Awards The prize money provided for the competitions is funded through the AIAA Foundation. The monetary awards may differ for each competition, with a maximum award of $1,000. The award amounts are listed below. The top three design teams will be awarded certificates. One representative from the first place team may be invited by the Technical Committee responsible for the RFP to make a presentation of their design at an AIAA forum. A travel stipend may be available for some competitions, with a maximum travel stipend of $750 which may be used to help with costs for flight, hotel, or conference registration to attend an AIAA forum. Aircraft Design Competitions Graduate Team Aircraft - Advanced Pilot Training Aircraft Undergraduate Team Aircraft Hybrid-Electric General Aviation Aircraft (HEGAA) Undergraduate Individual Aircraft Close Air Support Aircraft (A-10 Replacement) o 1 st Place: $1,000; 2 nd Place: $500; 3 rd Place: $300 Engine Design Competition Undergraduate Team Engine Candidate Engines for a Next Generation Supersonic Transport o 1 st Place: $500; 2 nd Place: $250; 3 rd Place $125 Space Transportation Competition Undergraduate Team Space Transportation Pluto Orbiter Space Design Competition Undergraduate Team Space Design Lunar Prospecting Structures Design Competition Graduate Team Structures Fuselage Design Undergraduate Team Structures Supersonic Wing

Proposal Requirements The technical proposal is the most important factor in the award of a contract.
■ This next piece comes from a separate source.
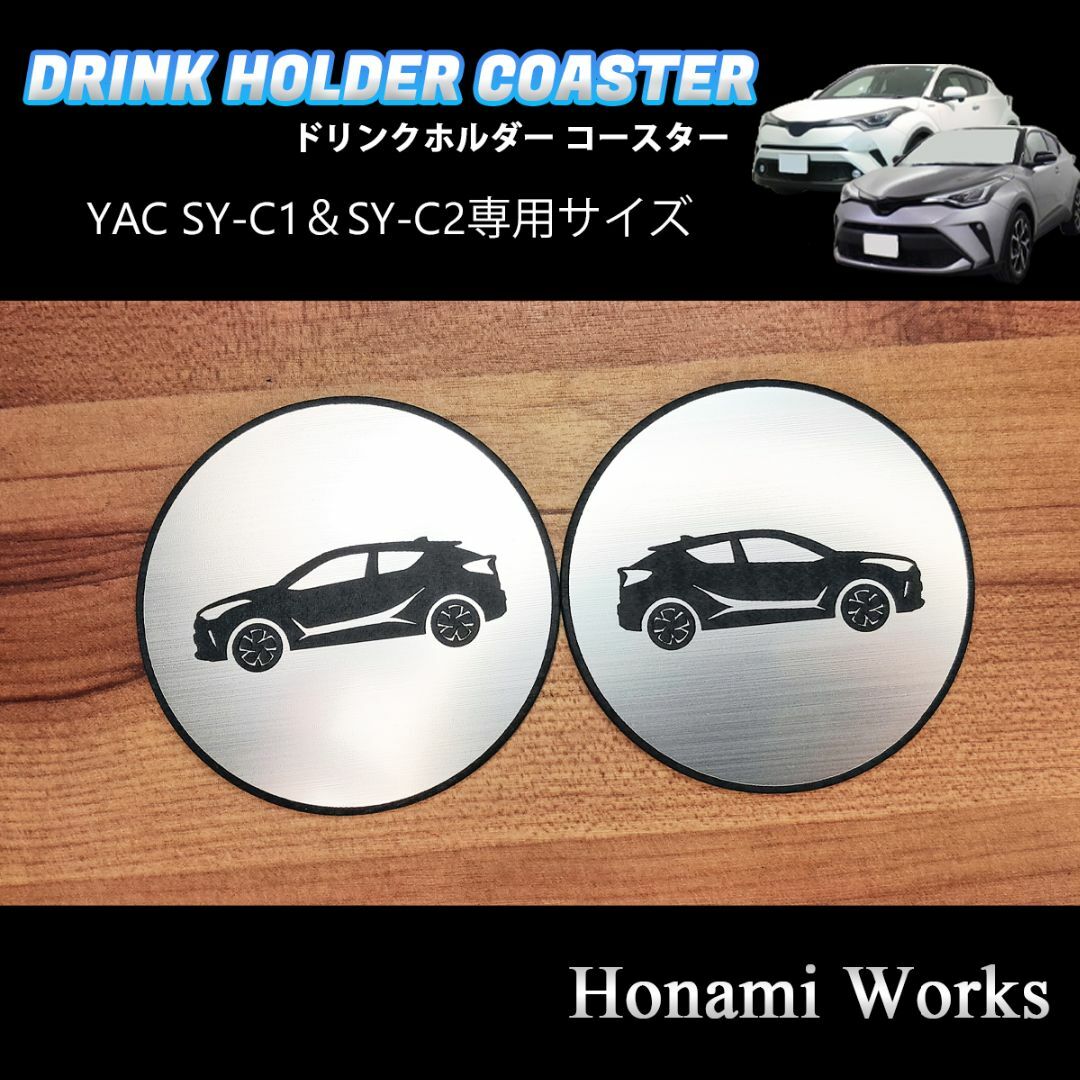 トヨタ(トヨタ)のC-HR YAC SY-C1 SY-C2向け 専用ドリンクホルダー コースター 自動車/バイクの自動車(車内アクセサリ)の商品写真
It should be specific and complete. While it is realized that all of the technical factors cannot be included in advance, the following should be included: Demonstrate a thorough understanding of the Request for Proposal (RFP) requirements. Describe the proposed technical approaches to comply with each of the requirements specified in the RFP, including phasing of tasks. Legibility, clarity, and completeness of the technical approach are primary factors in evaluation of the proposals. Particular emphasis should be directed at identification of critical, technical problem areas. Descriptions, sketches, drawings, systems analysis, method of attack, and discussions of new techniques should be presented in sufficient detail to permit engineering evaluation of the proposal. Exceptions to proposed technical requirements should be identified and explained. Include tradeoff studies performed to arrive at the final design. Provide a description of automated design tools used to develop the design. Basis for Judging The AIAA Technical Committee that developed the RFP will serve as the judges of the final reports. They will evaluate the reports using the categories and scoring listed below. The judges reserve the right to not award all three places. Judges decisions are final. 1. Technical Content (35 points) This concerns the correctness of theory, validity of reasoning used, apparent understanding and grasp of the subject, etc. Are all major factors considered and a reasonably accurate evaluation of these factors presented? 2. Organization and Presentation (20 points) The description of the design as an instrument of communication is a strong factor on judging. Organization of written design, clarity, and inclusion of pertinent information are major factors. 3. Originality (20 points) The design proposal should avoid standard textbook information, and should show the independence of thinking or a fresh approach to the project. Does the method and treatment of the problem show imagination? Does the method show an adaptation or creation of automated design tools? 4. Practical Application and Feasibility (25 points) The proposal should present conclusions or recommendations that are feasible and practical, and not merely lead the evaluators into further difficult or insolvable problems.